- [ACTIVITY]: Your copy must start with the line containing "640 Copperstone Manor SE" and end with the last line of the entries, matching them exactly and leaving out every picture.

- [DATASET RECORDS]:
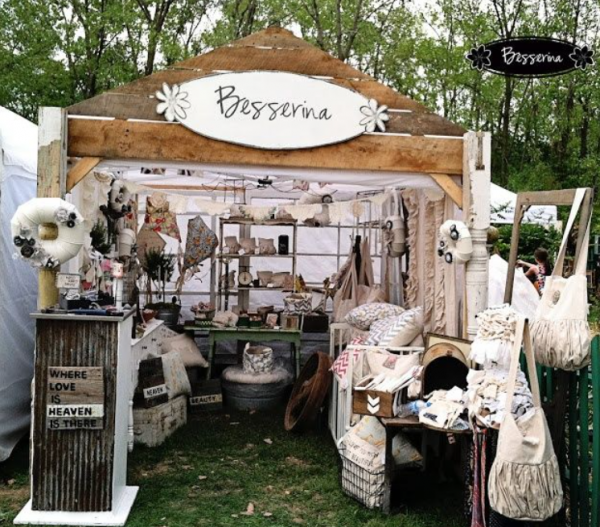 Stand jualan minuman dengan sentuhan artistik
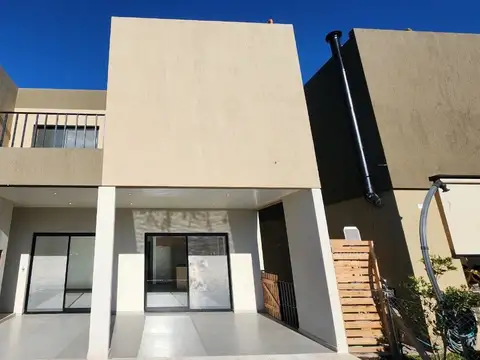 Casa 4 ambientes con 3 baños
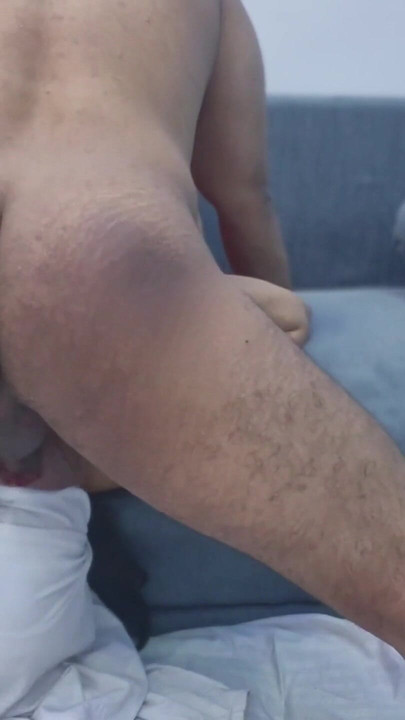 แฟนสาว Desi Alisha อมควยลึกสุดคอให้แฟนหนุ่มที่บ้านของเขา | คลิป 1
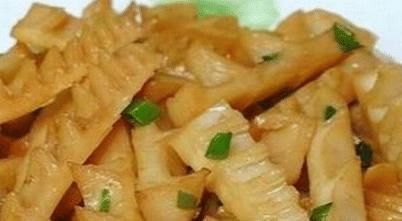 为啥饭店炒的竹笋不苦涩大厨分享妙招,原来少了这关键1步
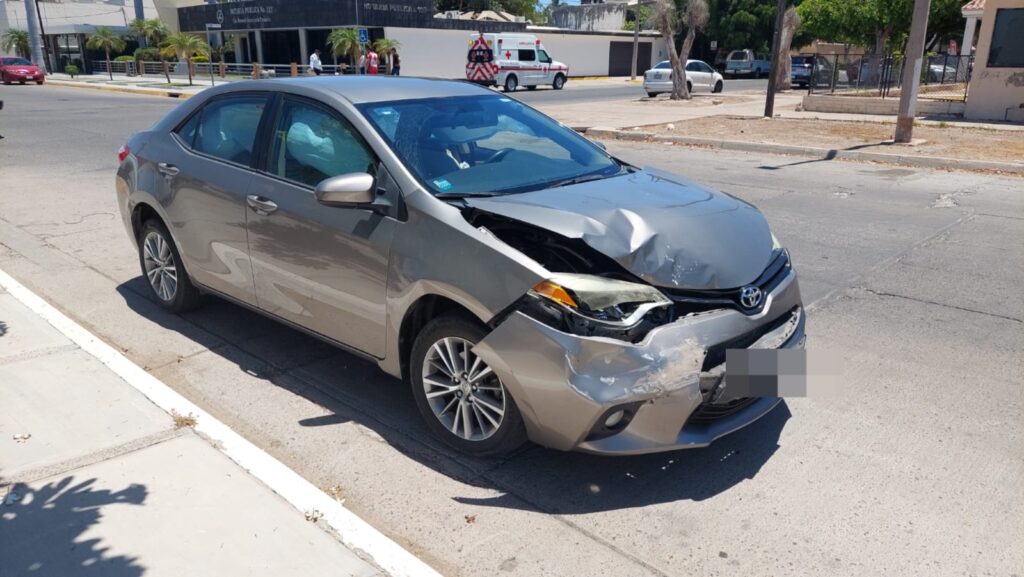 Una mujer termina en el hospital tras chocar por alcance en el Centro de Los Mochis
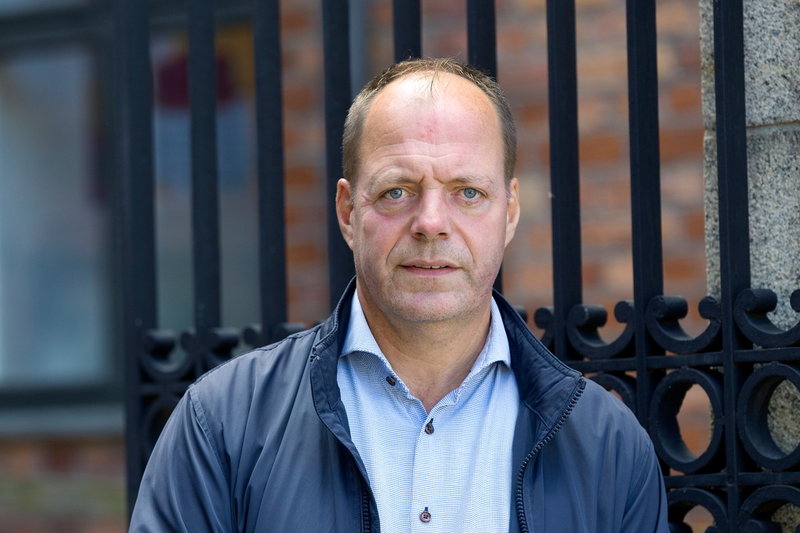 John-Erik Jansson (C), ordförande i kommunstyrelsen, säger att kommunen har förhandlat om en bygdepeng med vindkraftsbolaget, vilket skulle gå till turismutveckling, småföretagande och föreningsliv. Men bygdepengen har mötts av misstro bland invånarna, säger Jansson.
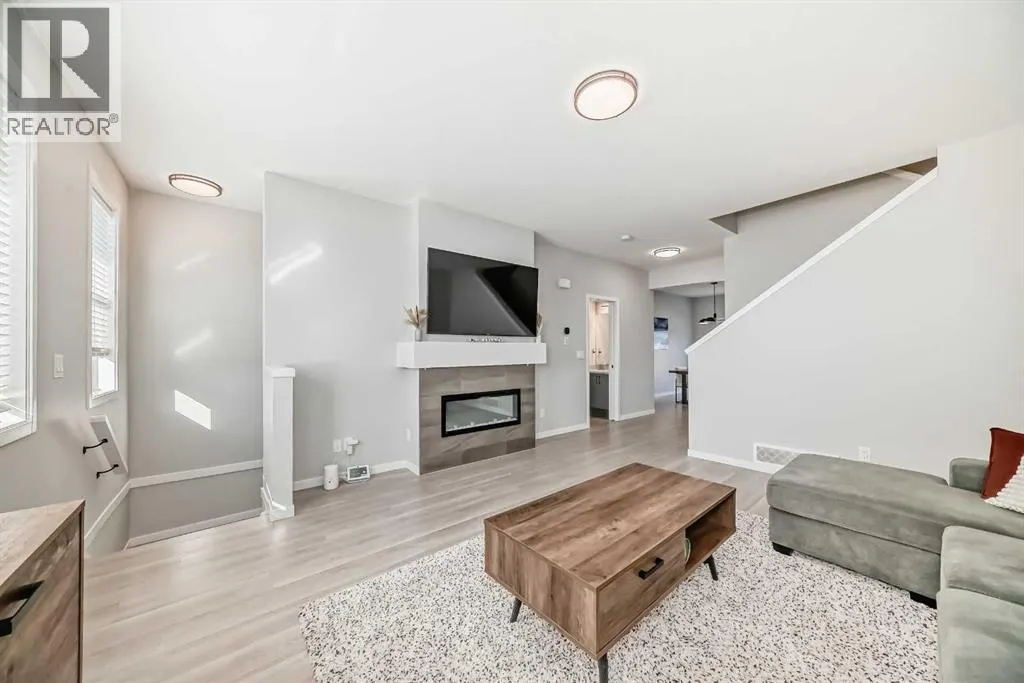 640 Copperstone Manor SE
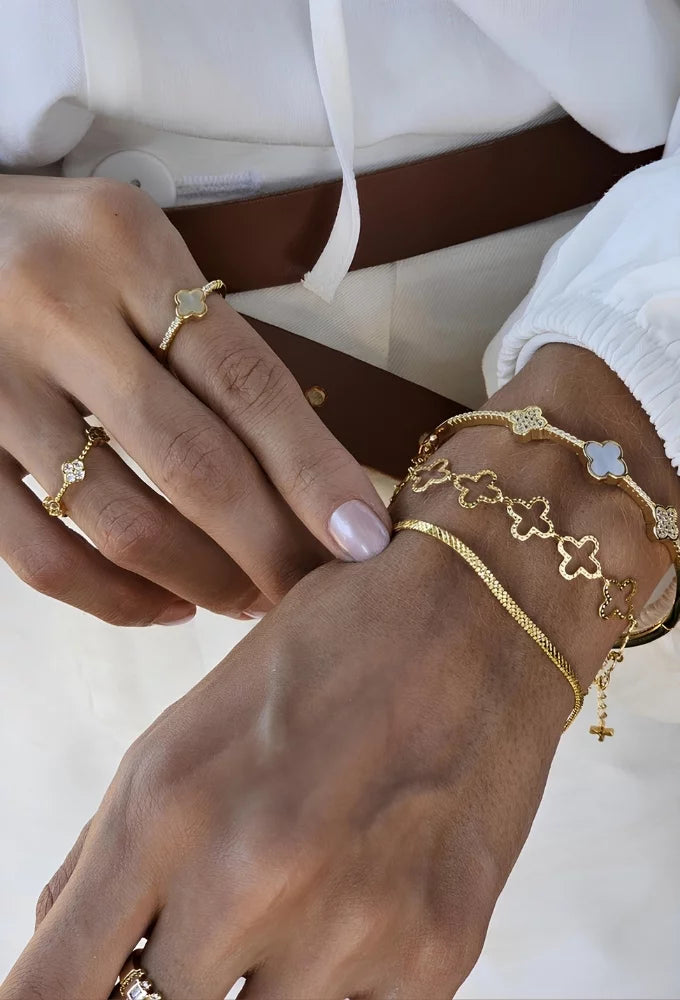 TEXTURED STUDDED ZIRCONIA RING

- [EXPECTED OUTPUT]:
 640 Copperstone Manor SE
 TEXTURED STUDDED ZIRCONIA RING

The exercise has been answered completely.